In Texas hold’em you have to make a hand using two cards which are dealt to you (the pocket) and five community cards. These are turned up three at once (the flop), then another card (fourth street) and a fifth card (the river), with betting between each turn. There are two, compulsory, rotating antes, called the little blind and the big blind.

Position is crucial, it’s a very technical game, and here’s two complicated tables you have to memorise to avoid what Sklansky and Malmuth call "a mathematical catastrophe".

Sheesh. Think I need a beer.

I stand in the super-satellite line with hundreds of other hopefuls, poker players on a quest for the game’s holy grail. Queuing next to me is a Hollywood scriptwriter named Bill who made a tidy little packet today betting on horses. He reckons this is a real long shot, but, "Hey, gotta give it a go".

The queue snakes around slot machines, shuffles towards the cashier’s window, where we pay our $220 and get our seat and table numbers. Out of the 400-plus aspirants, eight will win $10000 seats at the final game of the World Series of Poker.

The blinds start off at $5-$10, and increase rapidly , which means you have to win early to stay competitive.

I finger my chips and get into the rhythm of the game in a room where the ceiling has a thousand eyes in the form of surveillance cameras, where overhead fans whirl and cigarette smoke makes your eyes red.

I sit tight for a while, then get magic cards from a dream. With my hands trembling, my heart hammering, adrenaline squirting, I push piles of chips into the pot, pull out bigger piles.

Other players run out of chips and make $200 rebuys, my stack keeps on growing and after the first hour I have a sizeable stash without any rebuys.

Gaps appear at tables as players are eliminated. Entire tables empty, and every now and again we get a new player - a survivor of the carnage around the green baize.
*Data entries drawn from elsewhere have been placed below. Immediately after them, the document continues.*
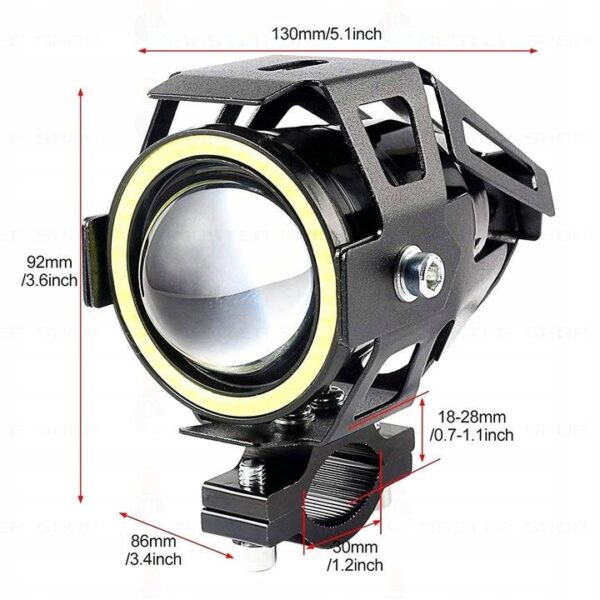 2x HALOGEN LED LAMPA REFLEKTOR RING U7 WLACZNIK Numer katalogowy czesci EMASTERSHOP 01X51352.jpg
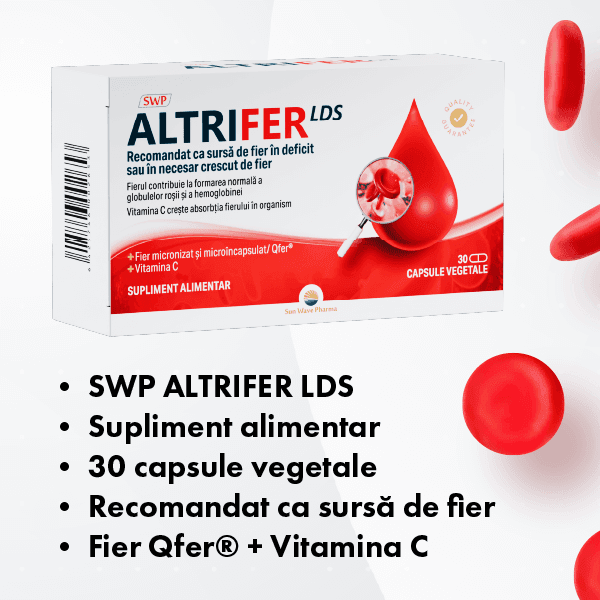 Altrifer LDS - supliment alimentar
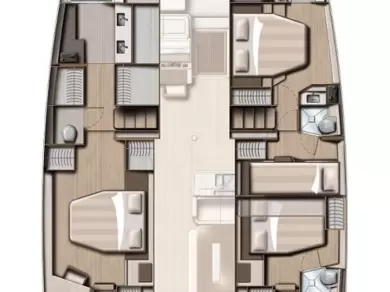 Location Catamaran à Road Town - Bali Bali 4.8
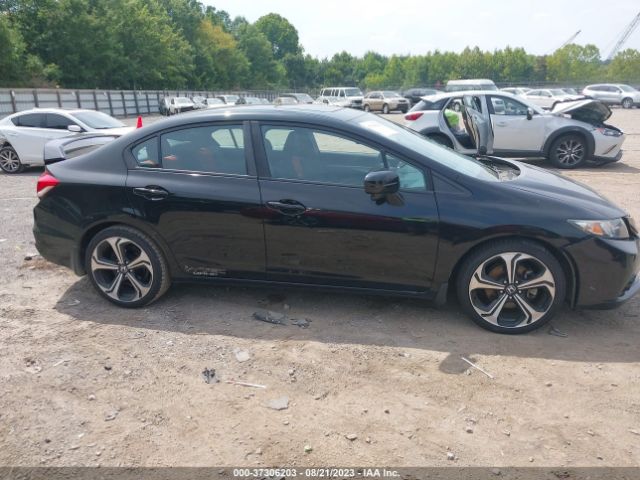 2HGFB6E50FH703048 Honda Civic Sedan Si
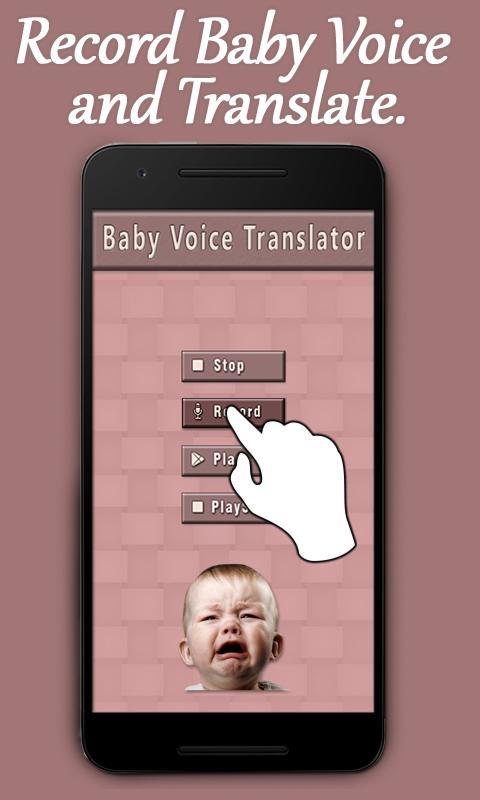 Baby Voice Translator Prank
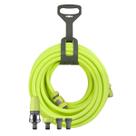 Kit de mangueira de jardim Flexzilla HFZG12050QN 1,2 cm x 15 m com acessórios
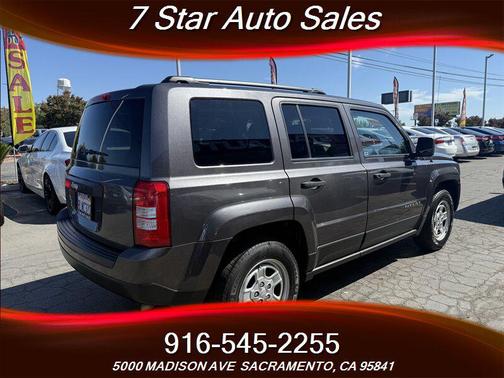 2016 Jeep Patriot Sport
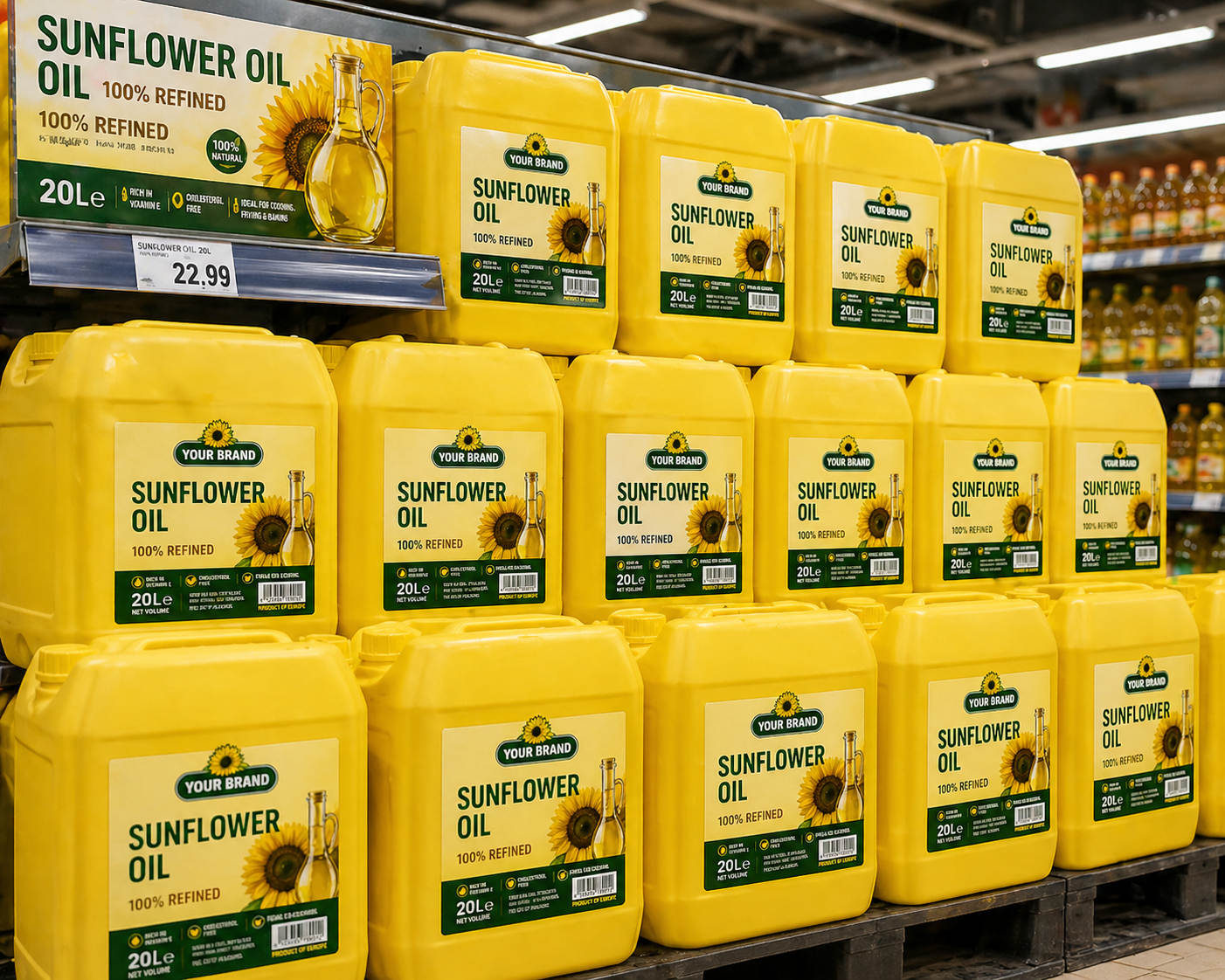 How to Verify a Sunflower Oil Exporter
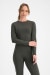 Move Cotton Stretch Long Sleeve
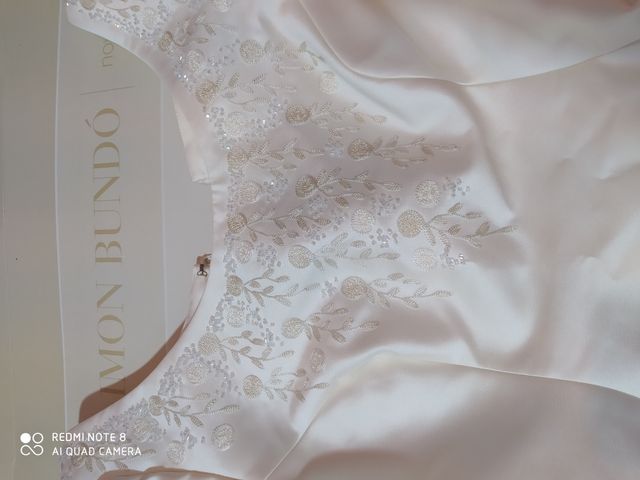 Vestido de novia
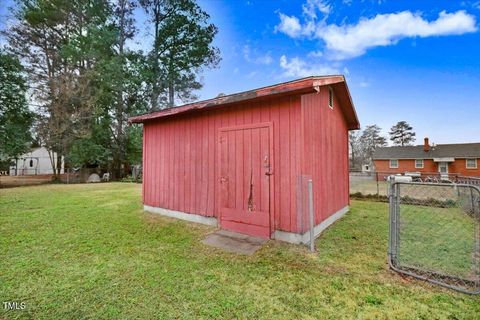 A home in Goldsboro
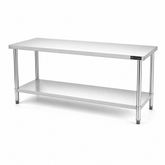 1800 x700 x900 Premium Range 1.2mm SS304 Heavy Duty Top Stainless Steel Benches EZ Stainless Pty Ltd
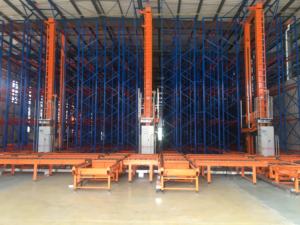 Système de rangement de palette numérique, certifié CE, pour entrepôt de qualité supérieure AS/RS - Product Image 6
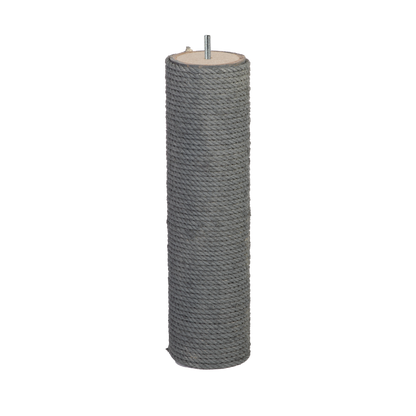 Fique Rope Replacement Post with screw - 15 Inch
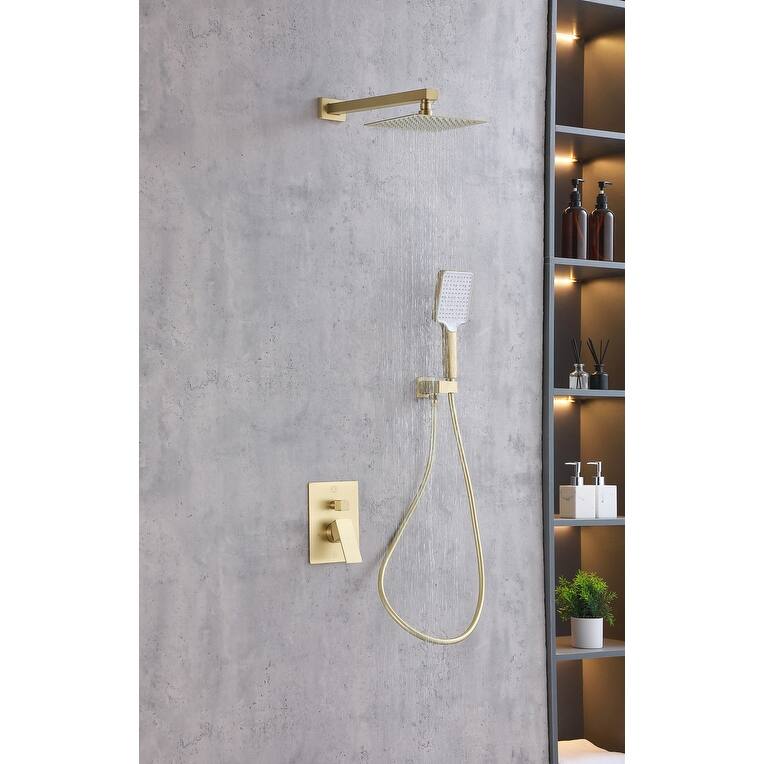 Indigo Home Complete Shower Faucet System with Rough-in Valve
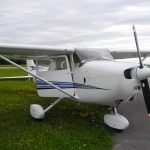 A Cessna 172 on the runway - NTSB Releases Docket, Prepares to Meet on Two Midair Collisions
A flushed middle-aged man at an adjacent table grins as he rakes in a pot and tells his opponent: "I can read you. I can read you so well I can tell you your cards and what suit they are. Yessir." A voice pipes up from another table: "We can read him from here, pardner. That’s ’coz he’s thinkin’ too loud."

Then my cards go cold, my inexperience shows, my chips dwindle and the blinds begin to eat me up.

The exhilaration of the first hour is gone as I am relentlessly ground down by men who have been playing this game at this level for many years. It’s agony as a procession of no-hope cards comes my way. Unsuited, unconnected, unpaired. A two taunts me, a seven sneers, a jack leers. I make mistakes, play over-cautiously, and twice throw away winning hands.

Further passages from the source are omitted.